Pixley has been in the magazine business, primarily as an art director, though most recently as assistant managing editor for Veranda, a magazine focused on interior design and which Pixley describes as sort of a southern version of Architectural Digest.
Pixley calls his magazine Mascot and has just published its premier issue.
The magazine spans 96 pages, plus almost cardboard-thick front and back covers. Between those covers are just five articles.
The format, Pixley explains, is to open the magazine with a feature on a specific concours, or on a single class at that concours. In the case of the premier edition, there are 18 pages entitled, “A Day with the Legendary Duesenbergs.”
The rest of the Mascot is given over to coverage of four cars. For the premier edition, they are “The Fire Chief’s Super Eight Sport Phaeton,” “The Mysterious Parisian Delahaye 135M,” “Frank Spring Teaches Hudson’s Jet Italian,” and “The Unexpected Double Life of Rolls-Royce EX44.”
The Fire Chief and Parisian Delahaye each get 18 pages, the Hudson 16 and the Rolls 20.
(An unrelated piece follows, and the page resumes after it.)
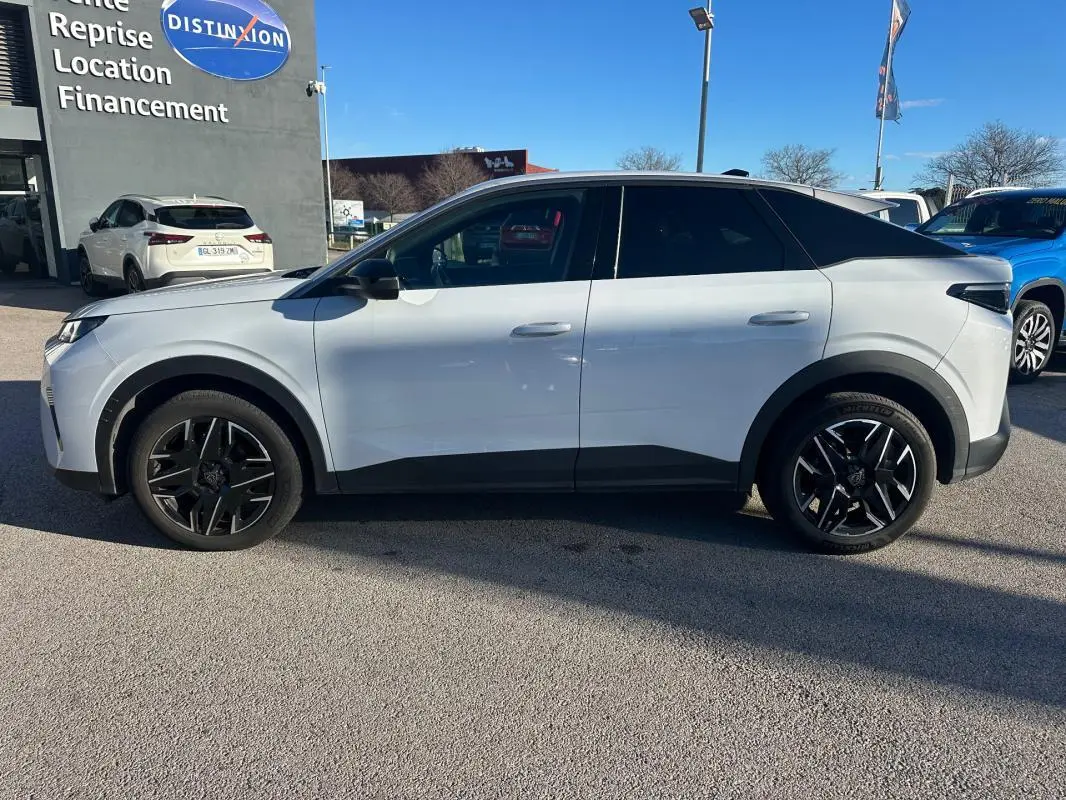 Vue de profil côté gauche d’un Peugeot 3008 Hybrid blanc avec jantes alliage noires de 19 pouces sur parking extérieur.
If he receives enough positive response, Pixley wants to produce Mascot on a quarterly basis. The premier issue is priced at $14.99 (you can buy a copy through the www.mascotmagazine.com website). Pixley knows his cover price is expensive, and he wants to reduce it as volume increases and as advertising arrives.
Though not too much advertising, he said. What he wants is to showcase the cars, and with as many as 20 pages devoted to each vehicle.
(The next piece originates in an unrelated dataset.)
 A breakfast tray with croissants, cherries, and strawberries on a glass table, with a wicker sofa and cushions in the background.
His idea is to present the cars to readers as if they were touring a fine home and its artistic and architectural details, telling the story in words but emphasizing photos that make you feel as if you are in the home — or the car.
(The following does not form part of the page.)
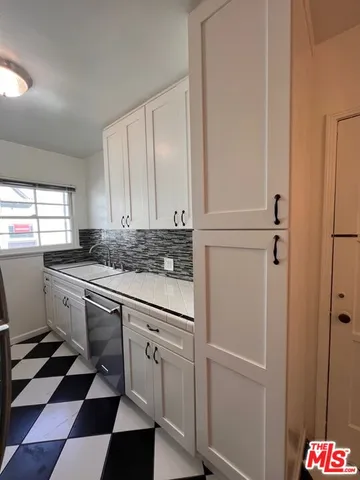 a kitchen with stainless steel appliances granite countertop white cabinets and sink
And there are no studio photos, he said. “I don’t want studio shots. I want to recreate what you see when you go to a show. I want the reader to experience walking around the car in daylight. Studio shots are beautiful, but that’s just not what this is. I want the reader to feel like they’re with the car.”
Like so many boys, Pixley grew up drawing pictures of cars and dreaming of becoming a car designer. He studied graphic design and fine art at the University of Georgia, went into advertising and then into magazines.
“I want to present these cars as art and to share their beauty with people,” he said. “Every story is different because every car is different.”
Pixley said he chose Mascot as the name for his magazine because “mascots were hood ornaments that went on these rare and unusual cars, and I felt it captured the spirit of the custom coach-built automobile.”
Like the restoration or preservation of a classic car, Pixley said the creation of his magazine has been a “labor of love that I’ve started, and we’ll see where it leads.”